----- DATASET

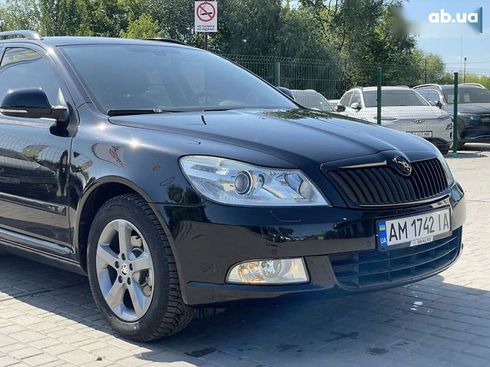 Skoda Octavia 2010 - фото 8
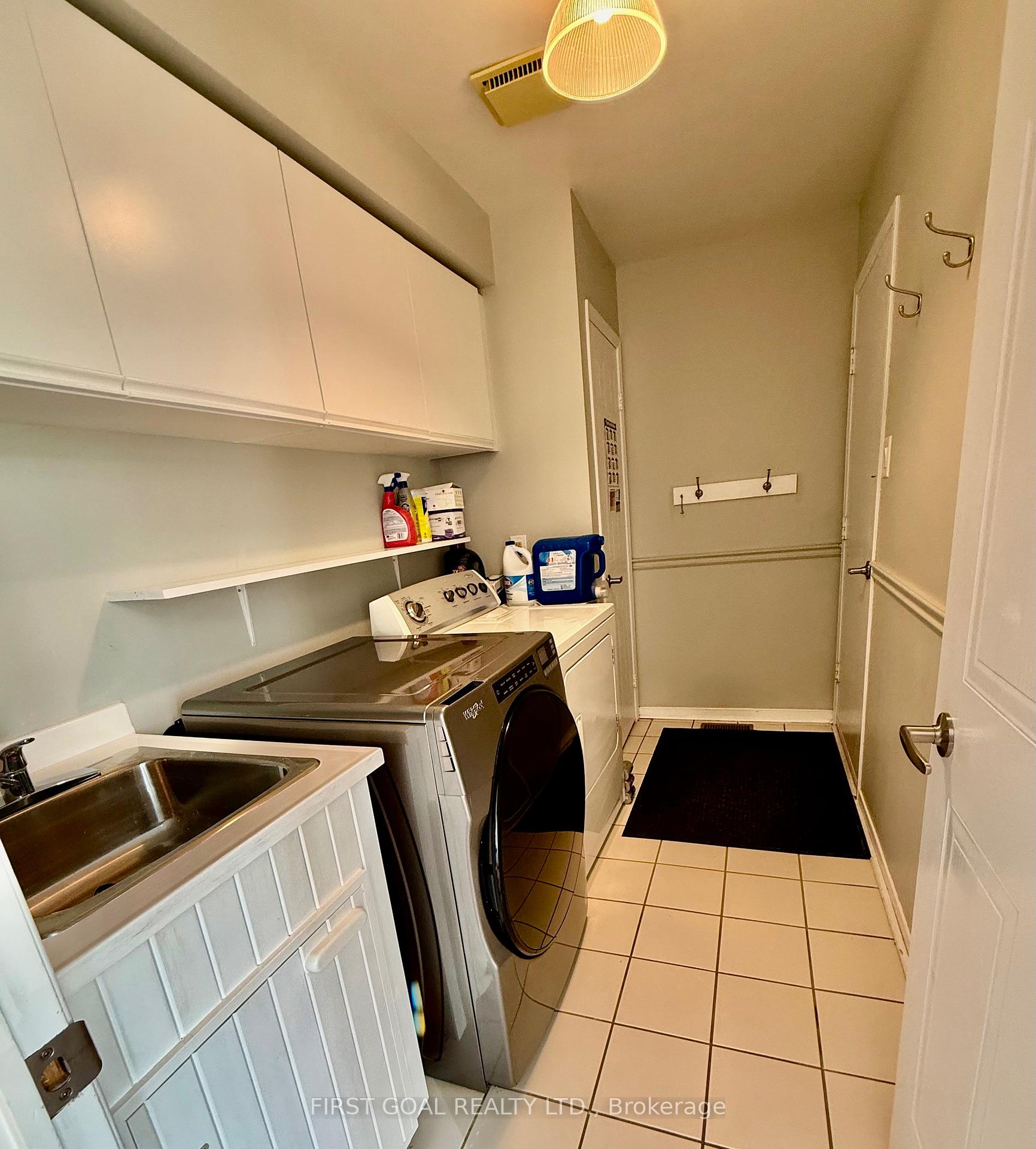 Photo 12 of 223 Crossland Gate, Newmarket, Glenway Estates — HOMEH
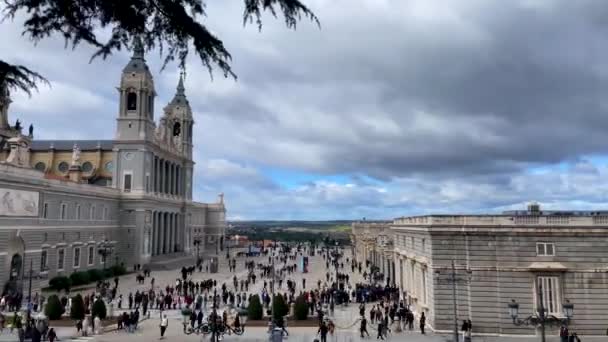 マドリード スペイン 2024 マドリードの王宮と大聖堂サンタ マリア アルデン スペイン 高品質のビデオ — ストック動画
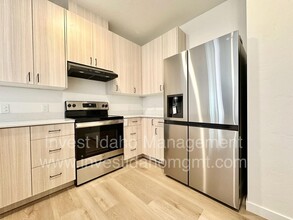 1509 Caldwell Blvd in Nampa, ID - Building Photo - Building Photo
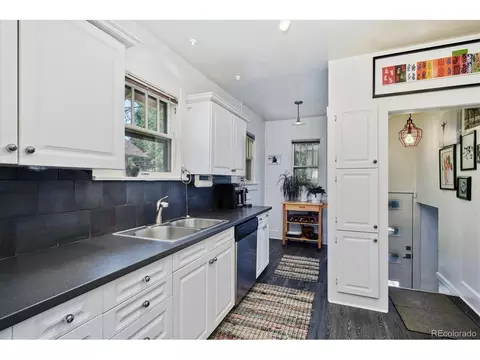 2877 Cherry St, Denver, CO 80207 photo 16
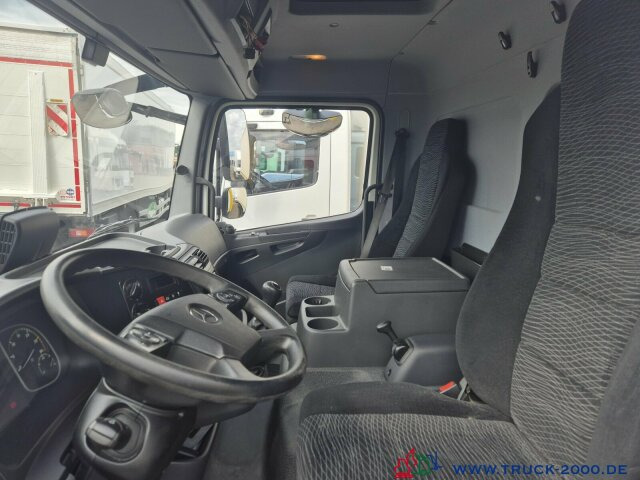 Mercedes-Benz Atego 1021 7m Koffer LBW 1.5t. nur 188549 KM - Kamion sandučar: slika Mercedes-Benz Atego 1021 7m Koffer LBW 1.5t. nur 188549 KM - Kamion sandučar Mercedes-Benz Atego 1021 7m Koffer LBW 1.5t. nur 188549 KM - Kamion sandučar: slika Mercedes-Benz Atego 1021 7m Koffer LBW 1.5t. nur 188549 KM - Kamion sandučar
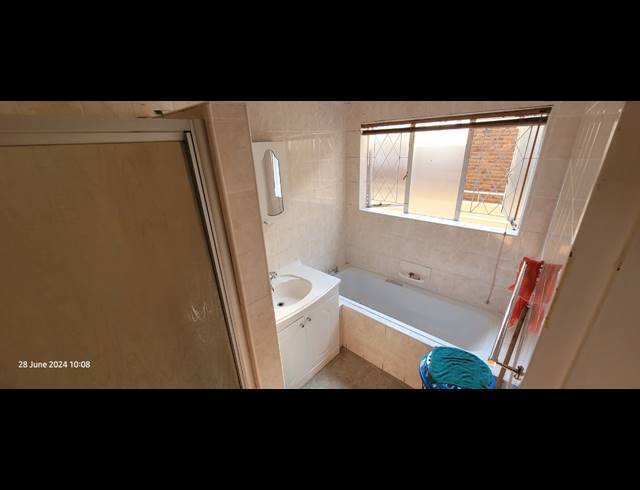 2 BEDROOM APARTMENT RENTED IN PELHAM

----------

# WHAT YOU WILL DO
Could you write out exactly the lines running from the one with "Photo 12 of" through the last line of the data above, both ends kept, and omit any picture?

# EXPECTED OUTPUT
 Photo 12 of 223 Crossland Gate, Newmarket, Glenway Estates — HOMEH
 マドリード スペイン 2024 マドリードの王宮と大聖堂サンタ マリア アルデン スペイン 高品質のビデオ — ストック動画
 1509 Caldwell Blvd in Nampa, ID - Building Photo - Building Photo
 2877 Cherry St, Denver, CO 80207 photo 16
 Mercedes-Benz Atego 1021 7m Koffer LBW 1.5t. nur 188549 KM - Kamion sandučar: slika Mercedes-Benz Atego 1021 7m Koffer LBW 1.5t. nur 188549 KM - Kamion sandučar Mercedes-Benz Atego 1021 7m Koffer LBW 1.5t. nur 188549 KM - Kamion sandučar: slika Mercedes-Benz Atego 1021 7m Koffer LBW 1.5t. nur 188549 KM - Kamion sandučar
 2 BEDROOM APARTMENT RENTED IN PELHAM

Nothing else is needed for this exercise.